Again, by considering the office and duty of the powers, and the
end of their ordination, as described, ver. 3, 4, which by no means
agree to any but those moral powers ordained by the preceptive will of
God, it appears a manifest abuse of this text, to apply it to every one
advanced by providence to the place of supreme rule, not only without
any regard, but in direct opposition to the preceptive will of God. It
is most absurd and self-contradictory in professed testimony bearers for
a covenanted reformation, to apply this text in a way of pleading the
lawfulness of an Erastian, anti-christian constitution, that is
destitute of all those qualifications already mentioned (and always
included in the scriptural definition of a lawful magistrate), as
necessary to constitute a moral power, viz., in regard of matter,
person, title or investiture, &c.
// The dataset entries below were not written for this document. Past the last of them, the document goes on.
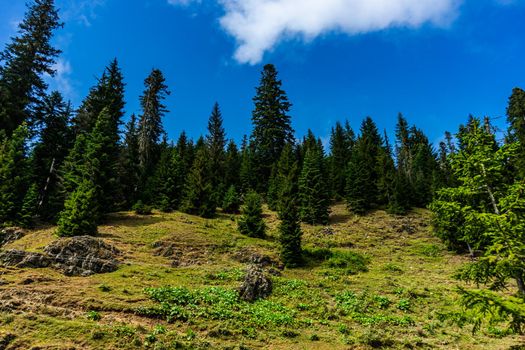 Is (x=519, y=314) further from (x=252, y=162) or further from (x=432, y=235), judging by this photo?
(x=252, y=162)

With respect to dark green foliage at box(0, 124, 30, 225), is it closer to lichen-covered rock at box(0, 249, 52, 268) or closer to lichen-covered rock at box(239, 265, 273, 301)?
lichen-covered rock at box(0, 249, 52, 268)

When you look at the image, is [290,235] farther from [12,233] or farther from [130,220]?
[12,233]

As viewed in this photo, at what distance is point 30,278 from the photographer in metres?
19.6

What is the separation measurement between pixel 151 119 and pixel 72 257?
34270mm

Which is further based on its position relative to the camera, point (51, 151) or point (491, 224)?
point (51, 151)

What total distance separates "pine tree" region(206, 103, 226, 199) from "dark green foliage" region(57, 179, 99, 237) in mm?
21232

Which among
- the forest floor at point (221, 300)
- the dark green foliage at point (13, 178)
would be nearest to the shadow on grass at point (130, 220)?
the forest floor at point (221, 300)

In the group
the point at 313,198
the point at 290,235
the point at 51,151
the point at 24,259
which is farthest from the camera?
the point at 313,198

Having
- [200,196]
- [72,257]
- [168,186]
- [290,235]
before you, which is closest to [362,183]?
[290,235]

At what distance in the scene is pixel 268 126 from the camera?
210 feet

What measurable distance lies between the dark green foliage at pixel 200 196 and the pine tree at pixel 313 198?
13711mm

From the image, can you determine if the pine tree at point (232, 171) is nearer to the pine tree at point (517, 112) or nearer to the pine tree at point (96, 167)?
the pine tree at point (96, 167)

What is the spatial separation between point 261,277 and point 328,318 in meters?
5.88

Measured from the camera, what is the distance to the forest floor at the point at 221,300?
14.8 m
But of the power which they so
zealously plead for, the matter is unlawful, being Erastian, partly
civil, partly ecclesiastical, by the united constitution. The person
invested with this supreme power, is one who is declared incapable, by
the fundamental laws and covenanted constitution of the nations; the
manner of investiture, and terms on which the crown is held, sinful--the
constitution being in an immediate opposition to the unalterable
constitution of the kingdom of the _Messias_, and founded on the
destruction of the covenanted reformation.